Other data giants like JD Cloud and Tongdun have also launched similar partnerships with microlenders.
But these partnerships occupy a legal gray area. China’s new cybersecurity law restricts companies’ use of customers’ personal data, but a Sesame Credit staffer told Caixin that the company’s system “involves an agreement between the user, lending business, and the third party — it isn’t the sale of personal data.”
However, many of these agreements leave plenty of room for the abuse of customer data. For instance, one lender’s authorization form, seen by Caixin, tells the user the lender may also use personal information for marketing purposes, but doesn’t specify what this “marketing” could involve.
More pressing, for microlenders, is the problem of “polluted” data.
Sesame Credit’s system may be sound, but the company is still unable to control the quality of the data reported by partner lenders, a staffer at the central bank’s Credit Reference Center told Caixin. Lenders’ information often includes errors like mistaken user identity, and some lenders deliberately misprepresent user information.
According to Han Honghui, an anti-fraud expert from the Beijing Internet Finance Industry Association, some online lenders will actually put their favorite customers on their blacklist shared with other lenders, so that other platforms will reject the customer, allowing the original lender to have exclusive access to the favored customer.
Some lenders are also simply reluctant to hand over their hard-earned data for free. “We paid our own ‘blood’ for data on customers’ overdue loans,” a microlender told Caixin. “Why would we just give it to Ant Financial?”
Zhongguancun Credit Union and the Beijing Internet Finance Industry Association have also tried to set up their own information sharing platforms. But some untrustworthy members “sell the shared information to outsiders,” a source working at a personal credit company said.
Even honest lenders have a hard time contributing constructively to these platforms. A lack of standardization means lenders aren’t sure who exactly to include on their blacklists, or how they should define debt.
New credit platform
The China Banking Regulatory Commission is considering rules that would disincentivize lenders from offering risky loans. These rules could include caps on annualized borrowing costs and interest rates, sources said.
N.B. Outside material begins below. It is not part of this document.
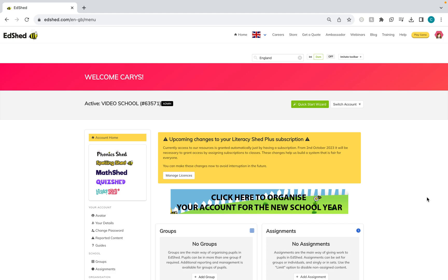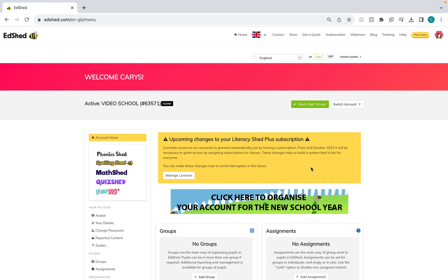Here is how you add your Literacy Shed Plus licenses to your account. This is a video for schools who have not ever made groups or classes within the system before. You will need to make classes within your school and then assign the licenses to your classes.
Chongqing municipality, which has a high concentration of microlenders, recently held a self-assessment drive for microlenders, which will be followed by on-site government inspections.
But ultimately, even microlenders that obey the law desperately need access to a larger pool of reliable personal credit information. In the hope of solving microlenders’ risk-control difficulties, the National Internet Finance Association plans to build a new national borrower database, Caixin learned recently.
The eight third-party agencies that participated in the 2015 pilot will be part of this platform, and have each signed a preliminary agreement to buy a roughly 8% stake in the platform, according to a NIFA document seen by Caixin.